Ironisnya, suara itu justru terhalang oleh barikade polisi yang juga rakyat biasa dan sama-sama mencari nafkah untuk keluarga. Di sinilah letak ironi demokrasi kita. Rakyat dan polisi saling berhadapan dan saling terluka dalam beberapa aksi demontrasi yang terjadi di negara ini.
Padahal musuh sesungguhnya bukanlah rakyat melawan polisi, melainkan rakyat dan polisi sama-sama menjadi korban dari sistem politik yang pincang akibat kebijakan-kebijakan para elit politik dan pejabat-pejabat tinggi di Negara Republik Indonesia
Seharusnya DPR yang dipilih rakyat sadar, setiap kebijakan yang mereka tetapkan akan berujung pada benturan di jalan. Polisi akan tetap berada di garis depan, meski mereka tidak pernah memilih DPR. Dan rakyat akan tetap jadi sasaran, meski mereka memilih dengan harapan yang kini dikhianati.
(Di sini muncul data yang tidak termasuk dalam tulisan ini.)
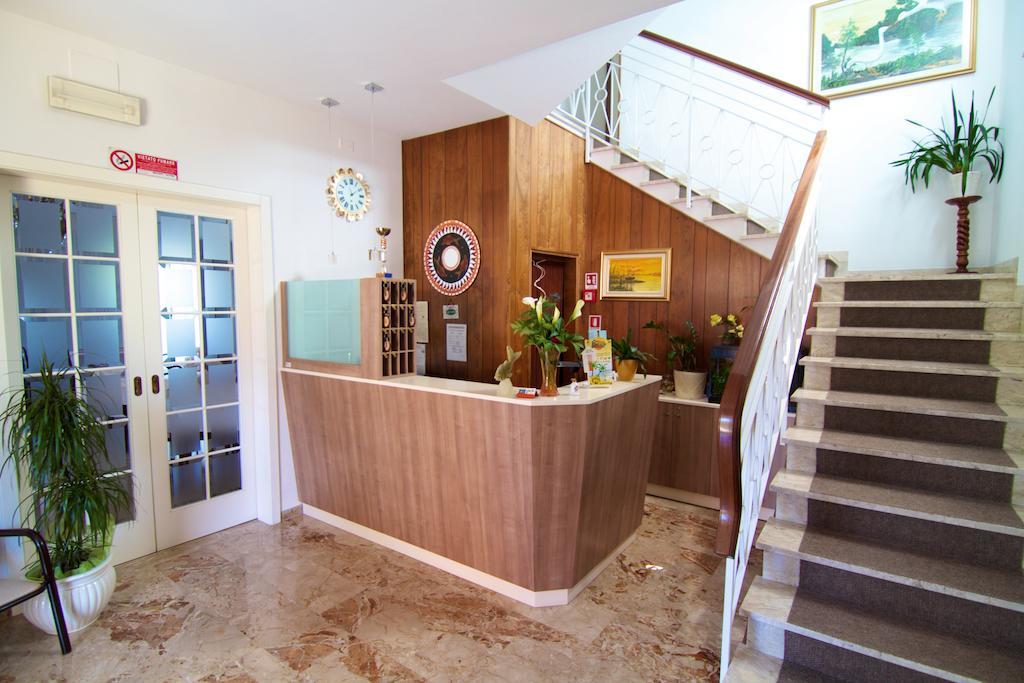 Hotel Villa Tua Риччоне Экстерьер фото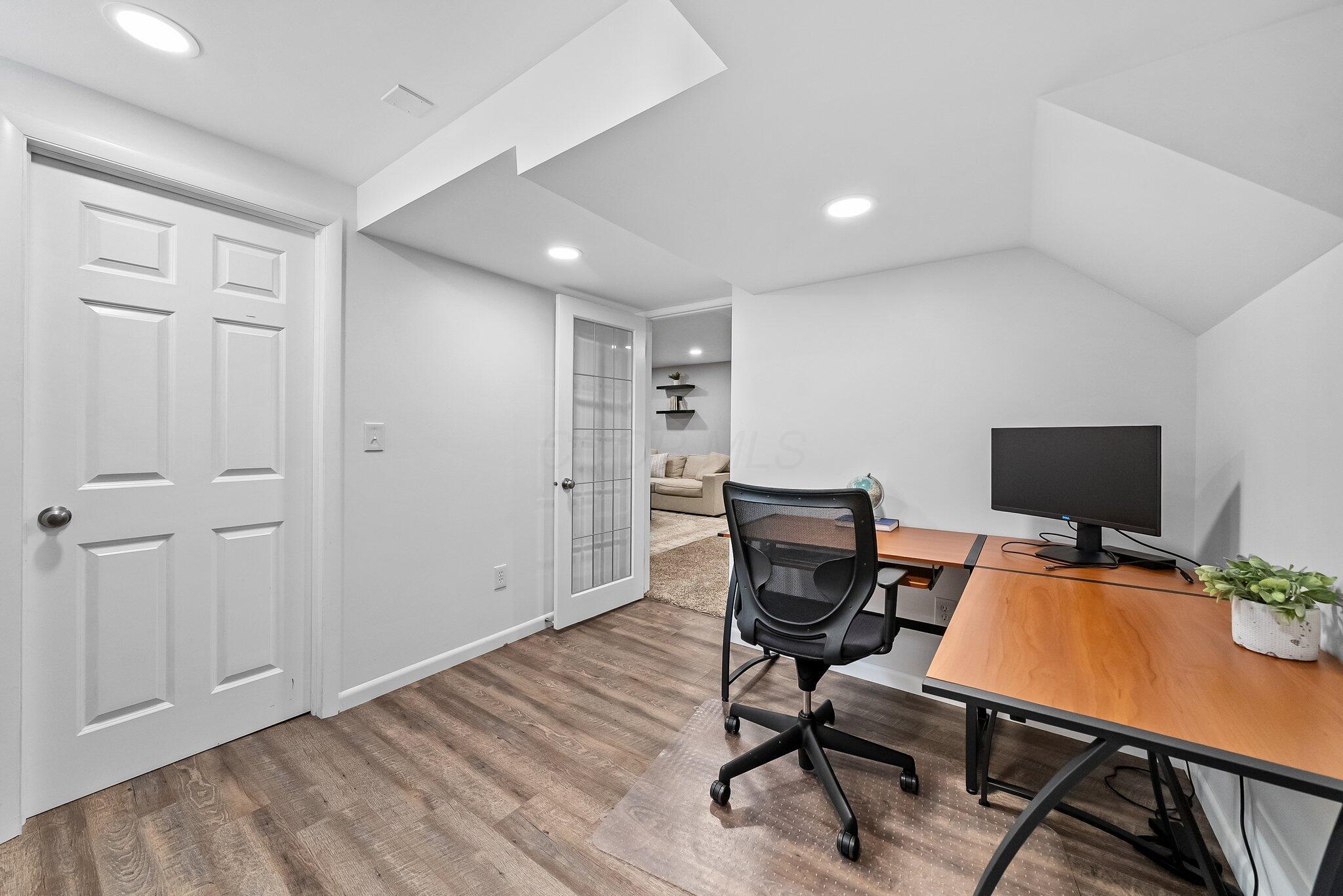 1269 Windham Road Columbus, OH 43220 - Photo 50 of 82 LL Flex Room 2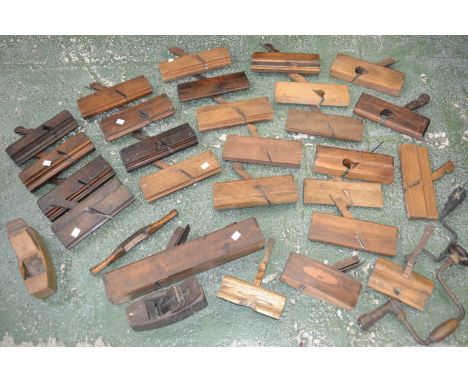 Cabinet maker tools- rebate planes various makers including shields, Greenswade, Varville, John Brown etc. (22);  Block plane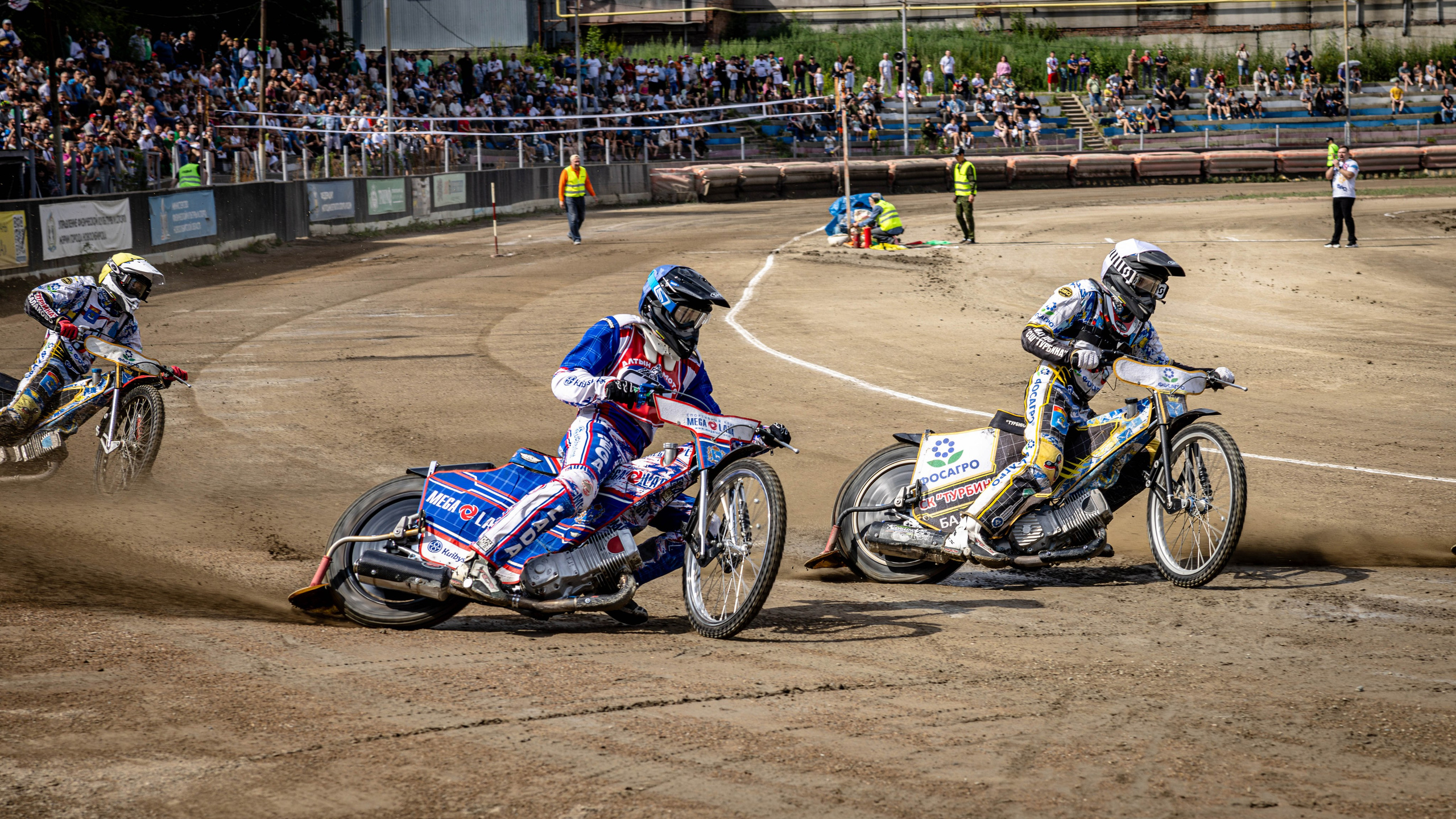 Мотогонки на гаревой дорожке. Bertran Ordo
Demokrasi yang seharusnya menjunjung tinggi aspirasi rakyat, kini berubah menjadi demokrasi transaksional yang menjadikan polisi dan rakyat sebagai korban tak berdosa di papan catur kekuasaan para elit
Jika terus begini, tragedi serupa hanya akan berulang. Saatnya kita berhenti melihat polisi dan rakyat sebagai musuh. Karena keduanya sejatinya saudara senasib: pion kecil yang dikorbankan demi kepentingan para pemain besar di balik layar, ”kata Erikson Ginting
Ia mempertanyakan komitmen pemerintah dan DPR terhadap pemberantasan korupsi dengan masih abu-abunya pengesahan Rancangan Undang-Undang (RUU) Perampasan Aset. Padahal RUU ini sangat penting sebagai instrumen hukum untuk pemberantasan korupsi di Indonesia.
Untuk itu, ia mendesak pemerintah dan DPR segera mengesahkan RUU Perampasan Aset ini menjadi UU. Melalui aturan itu, negara dapat merampas aset yang berasal dari tindak pidana yang merugikan keuangan negara tanpa menunggu pembuktian perbuatan pidananya.
“Kenapa RUU perampasan Aset ini harus segera disahkan, Karena RUU Perampasan Aset instrumen memudahkan aparat penegak hukum dalam menegakkan keadilan dan mendukung agenda pemberantasan korupsi dan kejahatan ekonomi di tanah air,
Namun jika Pemerintah dan Dewan Perwakilan Rakyat Republik Indonesia tidak segera mengesahkan Undang-Undang (RUU) Perampasan Aset, berarti seluruhanya takut hartanya diambil oleh negera, ”ucapnya sembari bertanya Ada apa??